### THE PROBLEM
Give every line of the material back exactly, images removed.

### DATA SHOWN
..............................

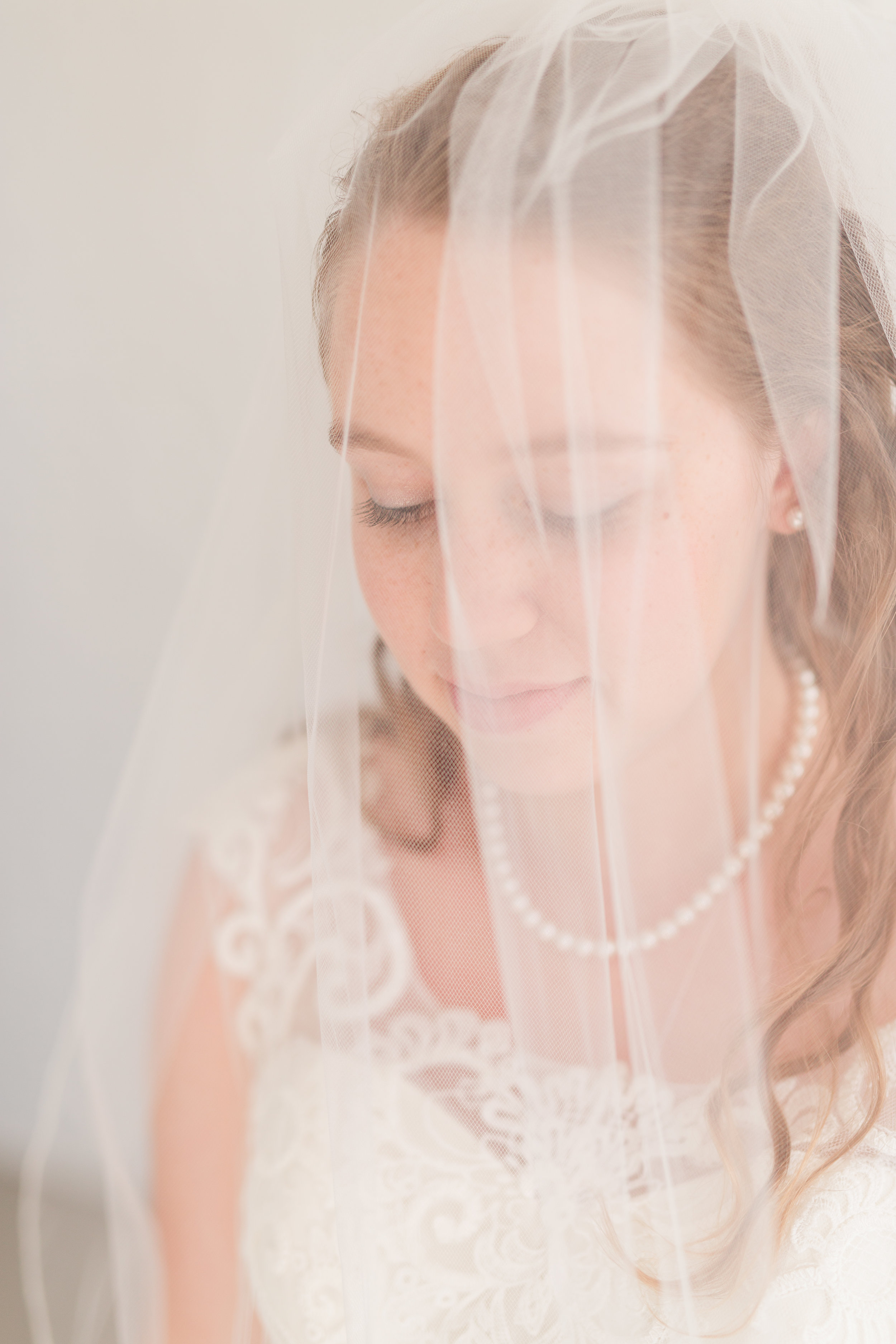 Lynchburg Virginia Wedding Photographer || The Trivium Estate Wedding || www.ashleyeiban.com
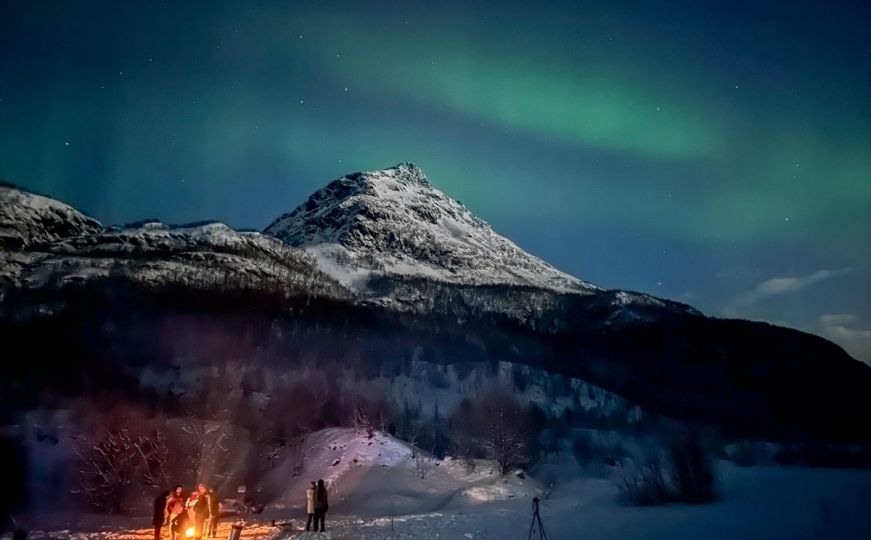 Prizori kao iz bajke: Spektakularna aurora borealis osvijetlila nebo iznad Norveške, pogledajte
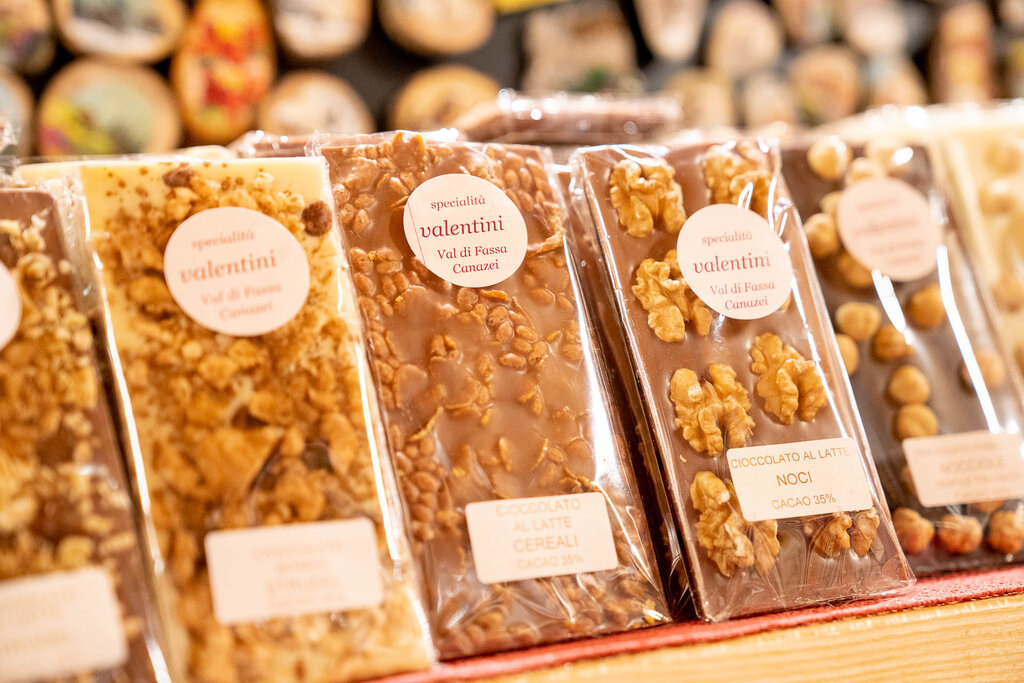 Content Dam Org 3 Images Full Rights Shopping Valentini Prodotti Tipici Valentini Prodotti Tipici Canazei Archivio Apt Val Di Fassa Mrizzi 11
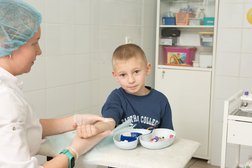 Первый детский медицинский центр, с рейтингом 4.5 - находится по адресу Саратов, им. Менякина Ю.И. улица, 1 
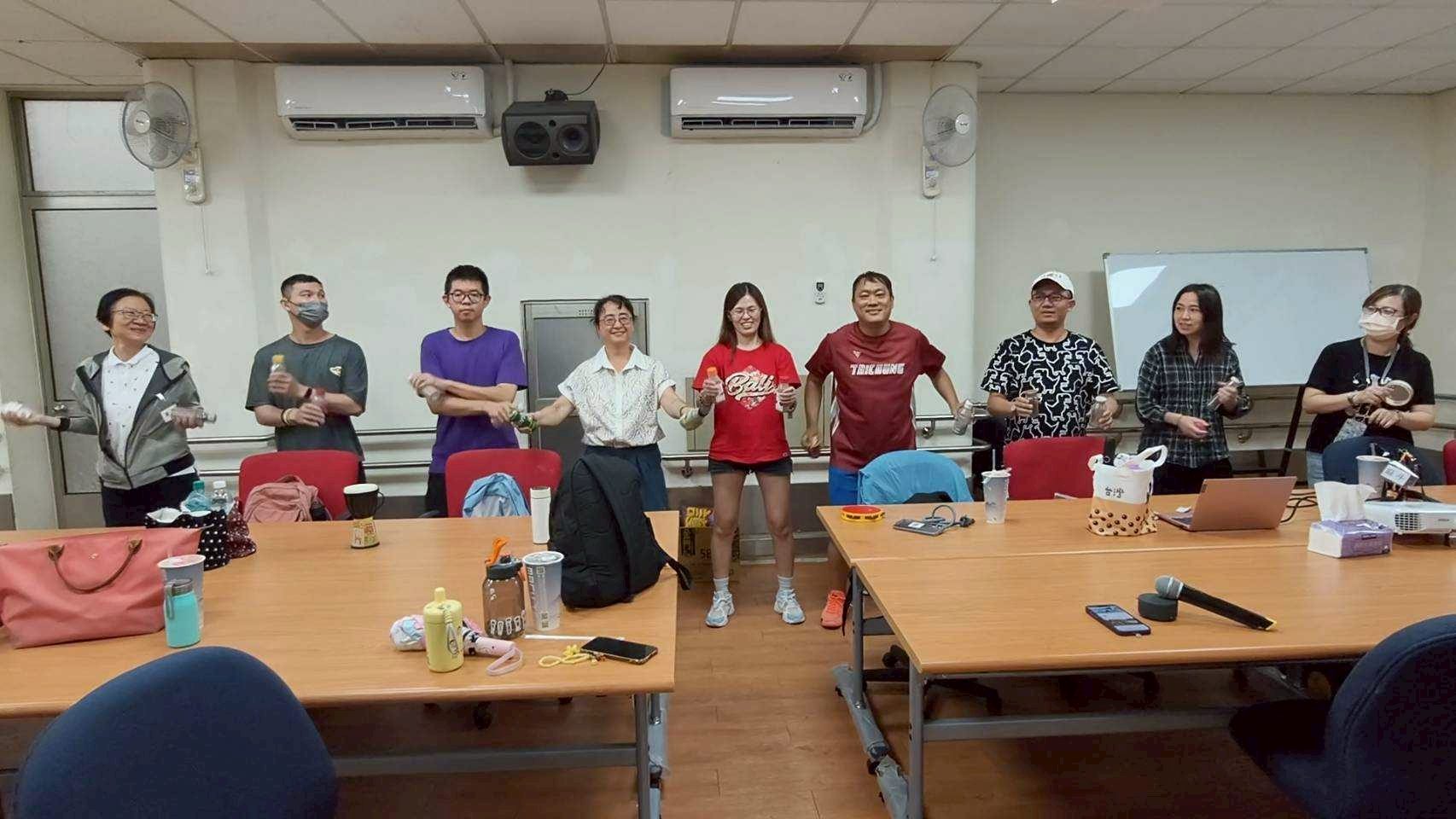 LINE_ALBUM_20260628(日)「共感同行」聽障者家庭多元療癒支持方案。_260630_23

..............................

### TASK SOLUTION
 Lynchburg Virginia Wedding Photographer || The Trivium Estate Wedding || www.ashleyeiban.com
 Prizori kao iz bajke: Spektakularna aurora borealis osvijetlila nebo iznad Norveške, pogledajte
 Content Dam Org 3 Images Full Rights Shopping Valentini Prodotti Tipici Valentini Prodotti Tipici Canazei Archivio Apt Val Di Fassa Mrizzi 11
 Первый детский медицинский центр, с рейтингом 4.5 - находится по адресу Саратов, им. Менякина Ю.И. улица, 1 
 LINE_ALBUM_20260628(日)「共感同行」聽障者家庭多元療癒支持方案。_260630_23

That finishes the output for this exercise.